Please repeat the data below exactly, with the pictures removed.

Dataset excerpt ::

===============

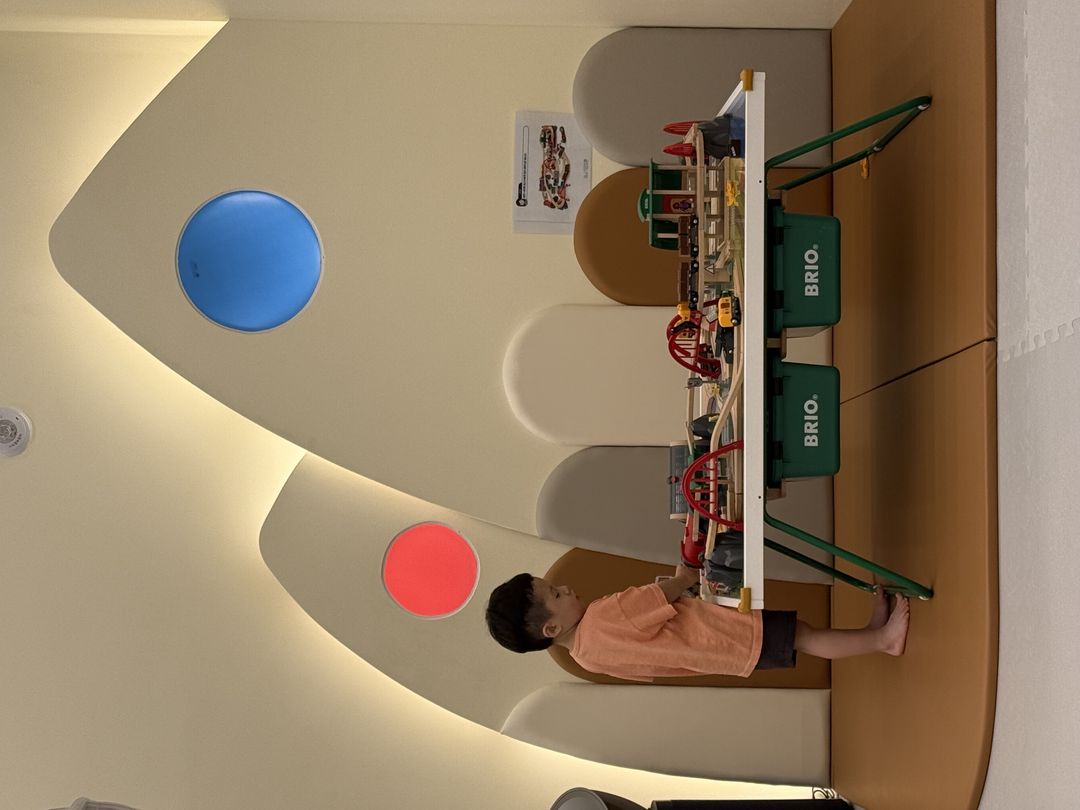 https://image.mom-mom.net/eyJidWNrZXQiOiJtb21tb20tbW9tc3RvdWNoIiwia2V5IjoicGxhY2VzLzY4ZDdhY2RhZjJiZDdjNTJmMDA2ZTUyNC5qcGVnIiwiZWRpdHMiOnsicmVzaXplIjp7IndpZHRoIjo1MDAsImhlaWdodCI6Mzc1fX19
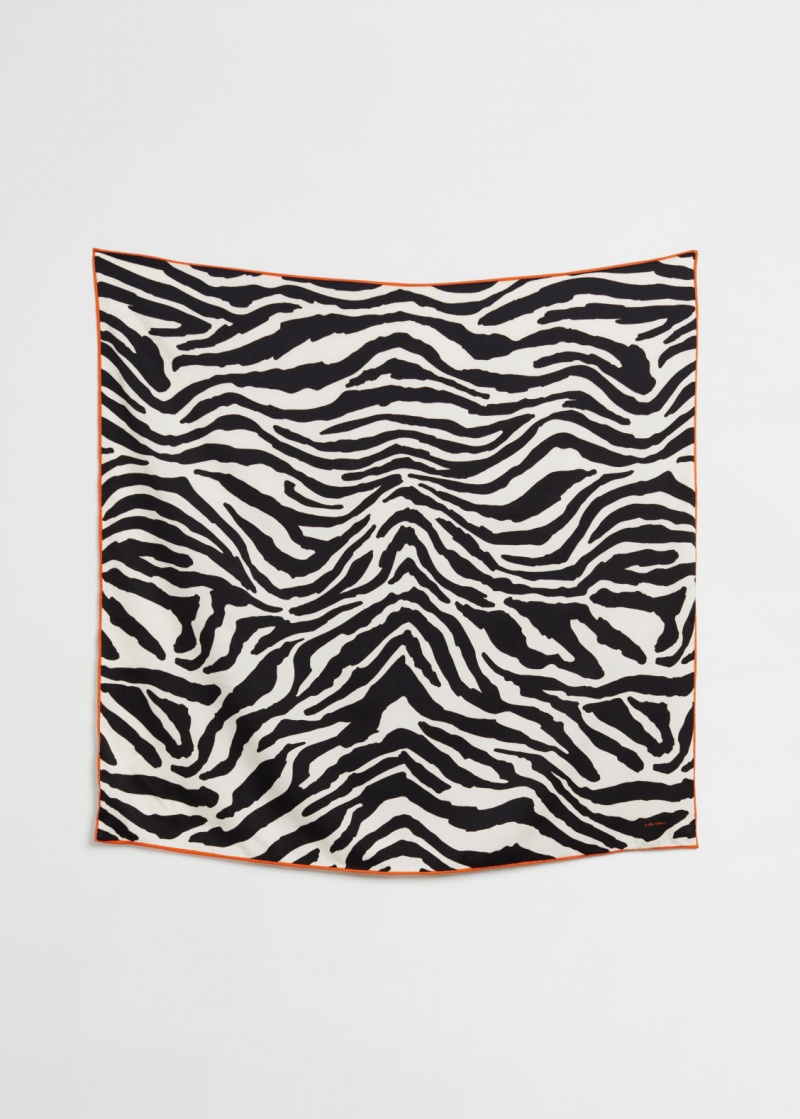 & Other Stories Zebra Print Square Scarf Nere Bianche Arancioni | NOS-SN114650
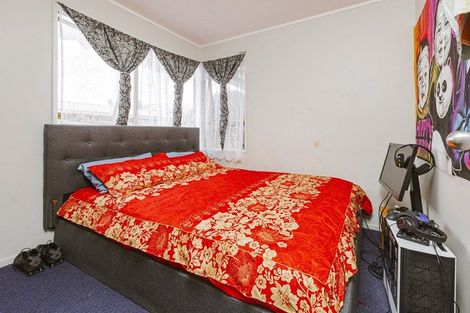 Photo of property in 26 Gambare Place, Wattle Downs, Auckland, 2103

===============

Expected answer ::
 https://image.mom-mom.net/eyJidWNrZXQiOiJtb21tb20tbW9tc3RvdWNoIiwia2V5IjoicGxhY2VzLzY4ZDdhY2RhZjJiZDdjNTJmMDA2ZTUyNC5qcGVnIiwiZWRpdHMiOnsicmVzaXplIjp7IndpZHRoIjo1MDAsImhlaWdodCI6Mzc1fX19
 & Other Stories Zebra Print Square Scarf Nere Bianche Arancioni | NOS-SN114650
 Photo of property in 26 Gambare Place, Wattle Downs, Auckland, 2103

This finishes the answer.